Property and Power

Vera Smirnova, Research Fellow at the Institute of Regional Studies and Urban Planning, Faculty of Urban and Regional Development, shared her research interests and experience of building strong connections at HSE with The HSE Look readers.

​What are your research interests?

To put it shortly, my research is about land, capital and power: how land is acquired by different actors, such as the state, businesses, corporations, or local citizens, and how this acquisition is legitimized.

My dissertation was focused on land acquisition and the origin of private land ownership in Russia during the late imperial period, including analysis of the ideas and narratives around the topic as well as the legal frameworks and practices. I worked in the archives and used critical discourse analysis to explore how the transformation in land ownership was perceived by different government officials, social groups, landless citizens, and peasant proprietors, what the land meant to them, and how they conceived of its ownership and the resulting consequences. Part of the analysis was to see how this discourse contrasted with and borrowed from the Western political thought about private property, social contract, and individual freedom, and how it shaped specifically Russian understanding of land ownership.

My first degree was in architecture in Vologda State Technical University and I was very interested in the topic of what makes the space ‘private’ or ‘public’. When I received Fulbright Graduate Fellowship and moved to the USA for my Master of Science in Architecture program, it finally clicked for me that what was standing behind the private/public space issue was directly related to who holds the right to land and it gave a new direction to my research in urban political geography. You could say it was a blend of architecture, urban planning, and political science that brought me to work on my PhD in a multidisciplinary program ‘Planning, Governance, and Globalization’ at Virginia Tech (USA).

As a research fellow at HSE I am continuing this topic but in the context of Post-Soviet period: What is our current understanding of land ownership and private property? How does it relate to the ideas and discussions in the late Russian empire which tried to introduce private ownership of land in 1906? Has the Land Code of 2002 about land privatization really introduced ‘private ownership’ in a common sense or are we living in some kind of a hybrid model?

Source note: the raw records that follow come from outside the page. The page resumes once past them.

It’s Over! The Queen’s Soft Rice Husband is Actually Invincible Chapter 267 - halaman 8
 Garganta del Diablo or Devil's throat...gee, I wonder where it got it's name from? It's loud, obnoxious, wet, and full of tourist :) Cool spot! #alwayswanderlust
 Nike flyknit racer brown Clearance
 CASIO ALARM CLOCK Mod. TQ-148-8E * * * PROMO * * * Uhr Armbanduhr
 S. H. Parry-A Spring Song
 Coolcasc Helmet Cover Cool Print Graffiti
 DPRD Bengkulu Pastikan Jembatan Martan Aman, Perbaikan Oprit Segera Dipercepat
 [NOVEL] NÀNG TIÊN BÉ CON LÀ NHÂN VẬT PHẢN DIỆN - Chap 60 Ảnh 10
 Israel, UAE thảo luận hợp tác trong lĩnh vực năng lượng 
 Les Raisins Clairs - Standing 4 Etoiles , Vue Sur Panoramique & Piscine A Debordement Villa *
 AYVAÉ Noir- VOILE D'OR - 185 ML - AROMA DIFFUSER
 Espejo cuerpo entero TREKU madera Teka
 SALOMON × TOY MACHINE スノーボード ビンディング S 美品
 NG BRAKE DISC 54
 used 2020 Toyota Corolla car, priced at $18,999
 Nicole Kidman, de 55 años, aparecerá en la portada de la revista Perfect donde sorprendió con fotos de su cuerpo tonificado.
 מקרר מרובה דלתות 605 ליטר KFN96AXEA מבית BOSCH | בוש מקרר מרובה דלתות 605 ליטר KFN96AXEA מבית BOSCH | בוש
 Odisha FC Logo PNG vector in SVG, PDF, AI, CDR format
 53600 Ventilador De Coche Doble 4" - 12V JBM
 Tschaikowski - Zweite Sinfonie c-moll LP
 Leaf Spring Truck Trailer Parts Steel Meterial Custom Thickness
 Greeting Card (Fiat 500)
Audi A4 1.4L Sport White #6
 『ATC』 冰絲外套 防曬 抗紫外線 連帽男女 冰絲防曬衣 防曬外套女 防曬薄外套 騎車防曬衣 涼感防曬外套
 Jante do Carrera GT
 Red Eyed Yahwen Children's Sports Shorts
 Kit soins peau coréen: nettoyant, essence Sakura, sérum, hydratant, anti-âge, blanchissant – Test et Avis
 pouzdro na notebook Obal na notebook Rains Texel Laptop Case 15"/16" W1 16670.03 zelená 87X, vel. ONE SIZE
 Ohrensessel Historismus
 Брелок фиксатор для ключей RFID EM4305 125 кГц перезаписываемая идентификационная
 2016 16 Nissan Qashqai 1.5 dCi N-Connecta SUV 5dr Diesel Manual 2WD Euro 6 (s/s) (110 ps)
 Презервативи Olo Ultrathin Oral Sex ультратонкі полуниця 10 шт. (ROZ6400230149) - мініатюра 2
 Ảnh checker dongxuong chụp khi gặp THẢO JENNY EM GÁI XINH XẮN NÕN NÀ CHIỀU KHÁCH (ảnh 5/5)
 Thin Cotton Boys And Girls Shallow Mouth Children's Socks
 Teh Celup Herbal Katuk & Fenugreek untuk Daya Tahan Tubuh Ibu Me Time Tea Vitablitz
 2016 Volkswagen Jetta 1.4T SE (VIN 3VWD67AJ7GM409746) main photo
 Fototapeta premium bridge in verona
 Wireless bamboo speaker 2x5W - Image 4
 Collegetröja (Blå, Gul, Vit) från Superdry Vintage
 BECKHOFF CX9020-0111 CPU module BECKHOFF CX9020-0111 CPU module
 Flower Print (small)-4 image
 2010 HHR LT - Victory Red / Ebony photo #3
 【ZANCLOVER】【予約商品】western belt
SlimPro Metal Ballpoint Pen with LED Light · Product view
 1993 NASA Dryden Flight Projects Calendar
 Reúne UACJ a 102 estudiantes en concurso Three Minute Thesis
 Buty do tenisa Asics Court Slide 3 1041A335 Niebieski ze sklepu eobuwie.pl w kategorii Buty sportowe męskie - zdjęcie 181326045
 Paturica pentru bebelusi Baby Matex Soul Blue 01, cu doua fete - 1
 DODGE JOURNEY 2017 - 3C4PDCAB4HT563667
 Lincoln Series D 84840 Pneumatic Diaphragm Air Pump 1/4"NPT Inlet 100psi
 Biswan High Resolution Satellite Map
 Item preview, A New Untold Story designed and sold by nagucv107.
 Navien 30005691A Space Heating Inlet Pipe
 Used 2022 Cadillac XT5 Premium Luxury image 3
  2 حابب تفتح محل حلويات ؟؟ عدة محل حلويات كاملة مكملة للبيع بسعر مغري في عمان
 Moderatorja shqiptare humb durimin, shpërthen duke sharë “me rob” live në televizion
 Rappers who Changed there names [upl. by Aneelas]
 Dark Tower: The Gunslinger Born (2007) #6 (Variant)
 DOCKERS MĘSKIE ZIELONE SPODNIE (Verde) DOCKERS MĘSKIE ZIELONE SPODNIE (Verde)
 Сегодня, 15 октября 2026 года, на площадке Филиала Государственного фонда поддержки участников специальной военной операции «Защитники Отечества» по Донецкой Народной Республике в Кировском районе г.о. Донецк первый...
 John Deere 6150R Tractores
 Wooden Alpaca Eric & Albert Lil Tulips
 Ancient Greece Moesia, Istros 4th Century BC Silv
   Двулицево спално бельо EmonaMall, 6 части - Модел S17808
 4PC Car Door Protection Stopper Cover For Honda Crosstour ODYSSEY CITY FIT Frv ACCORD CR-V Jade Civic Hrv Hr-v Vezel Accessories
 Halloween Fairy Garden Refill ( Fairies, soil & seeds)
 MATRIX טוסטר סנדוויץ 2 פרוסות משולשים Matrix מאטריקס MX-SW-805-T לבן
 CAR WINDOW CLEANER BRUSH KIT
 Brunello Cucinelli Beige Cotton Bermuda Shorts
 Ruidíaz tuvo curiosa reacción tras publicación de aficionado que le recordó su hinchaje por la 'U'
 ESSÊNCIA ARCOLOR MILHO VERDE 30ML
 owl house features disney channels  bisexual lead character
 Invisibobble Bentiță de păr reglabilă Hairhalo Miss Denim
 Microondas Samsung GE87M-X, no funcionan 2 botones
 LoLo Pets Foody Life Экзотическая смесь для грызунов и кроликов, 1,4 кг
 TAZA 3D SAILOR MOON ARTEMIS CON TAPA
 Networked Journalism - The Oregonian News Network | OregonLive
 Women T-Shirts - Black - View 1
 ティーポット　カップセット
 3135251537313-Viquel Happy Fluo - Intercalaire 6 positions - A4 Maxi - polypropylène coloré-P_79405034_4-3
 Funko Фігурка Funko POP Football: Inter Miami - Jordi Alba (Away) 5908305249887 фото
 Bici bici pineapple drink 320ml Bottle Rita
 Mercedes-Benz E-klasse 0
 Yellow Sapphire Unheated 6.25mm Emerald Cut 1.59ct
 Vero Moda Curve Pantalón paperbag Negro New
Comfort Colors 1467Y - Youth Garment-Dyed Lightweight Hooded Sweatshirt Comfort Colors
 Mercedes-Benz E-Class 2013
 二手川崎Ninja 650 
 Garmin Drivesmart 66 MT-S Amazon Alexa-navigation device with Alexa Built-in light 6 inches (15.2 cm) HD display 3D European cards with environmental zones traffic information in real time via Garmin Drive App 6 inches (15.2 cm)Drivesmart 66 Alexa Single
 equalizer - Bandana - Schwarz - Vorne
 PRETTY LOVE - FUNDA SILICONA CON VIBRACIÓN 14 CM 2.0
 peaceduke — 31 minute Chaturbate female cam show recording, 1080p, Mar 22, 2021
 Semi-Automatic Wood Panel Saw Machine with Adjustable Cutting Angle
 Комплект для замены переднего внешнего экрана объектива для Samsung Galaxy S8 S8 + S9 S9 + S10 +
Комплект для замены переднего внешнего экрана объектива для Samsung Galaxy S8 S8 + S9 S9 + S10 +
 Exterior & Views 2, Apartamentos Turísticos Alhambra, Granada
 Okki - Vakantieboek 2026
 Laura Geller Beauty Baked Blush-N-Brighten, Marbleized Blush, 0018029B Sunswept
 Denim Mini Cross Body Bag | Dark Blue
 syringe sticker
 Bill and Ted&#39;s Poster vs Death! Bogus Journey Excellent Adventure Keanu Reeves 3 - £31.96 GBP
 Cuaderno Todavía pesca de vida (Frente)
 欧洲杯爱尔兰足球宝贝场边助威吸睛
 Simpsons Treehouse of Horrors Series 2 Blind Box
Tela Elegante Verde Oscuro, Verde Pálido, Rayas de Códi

I am planning to interview some of the experts who provided policy advice for this legislation and its implementation, and, while it’s more difficult and risky, I would also like to get interviews from people who participated in land appropriation, for example, real estate developers or large agricultural companies. There’s also a lot to be studied in terms of how the profit from land privatization circulate between urban and non-urban spaces, but this is a question for further research.

How does your stay at HSE help to develop your research?

I am very lucky to work at the Institute of Regional Studies and Urban Planning, as it has a strong analytical profile in the policy issues related to my research. This gives me access to many interviewees among experts and policymakers whom I would have a hard time reaching on my own, and moreover, it raises my credibility to work in Russia in general.

A first article on the theoretical part of my research was just published in a special issue of one European journal in geography and I am now starting to work on the interviews. It’s very important to formulate questions well, so as to gather the necessary information but also to be tactful and neutral as a researcher – and it’s quite a challenge to be neutral on this topic, knowing how many people have lost their land given what we know from our history and own experience.

What about social life at HSE?

Thanks to the events organized by International Faculty Support Unit in September and throughout the autumn I’ve met a lot of other young postdocs and tenure-track professors, and we meet quite often and regularly as a group. It’s nice to get such a social circle when you are new at the university, but it’s also been a very enriching experience in terms of discussing research. Everyone has unique expertise and research topics, and since most of them are interdisciplinary, we click well together and share ideas, see the limitations of our research, and discuss how best to take them into account etc. History, political economy, urban studies, sociology – all of our previous knowledge and current research combined, especially in a relaxed and friendly environment, provides good ground for discussions and, at least for me personally, is highly motivating. Being an academic researcher and belonging to such a lively community is very important to me, it’s a vital part of my identity. My Institute also very actively organizes and participates in roundtables and workshops, so there are many opportunities for professional discussion and networking in my field, starting from discussing issues about tactical urbanism, smart urbanism, and participatory planning, to policy recommendations in the sphere of social housing.

Do you work with students in some way?

Faculty of Urban and Regional Development at HSE has launched several long-term ‘workshops’ for students, dedicated to a wide range of research areas in the field of urbanism under the supervision of researchers. It’s an extracurricular activity and the results can be quite varied – a publication in a journal, or online, or a presentation at a conference or another type of event. It’s a way to create an informal learning space, based on the collective research. Me and my colleague Daniela Zupan also offered a topic for such a workshop titled ‘City in the Periphery’, to explore how spatial and power relations are perceived outside the capital, how the discourses of various urban planning innovations are circulated or implemented, how small cities try to keep their identity or create it anew. We have 13 students from the MA programme with whom we are meeting every two weeks and going to present our work at the April Conference this year - we’ll see how it goes!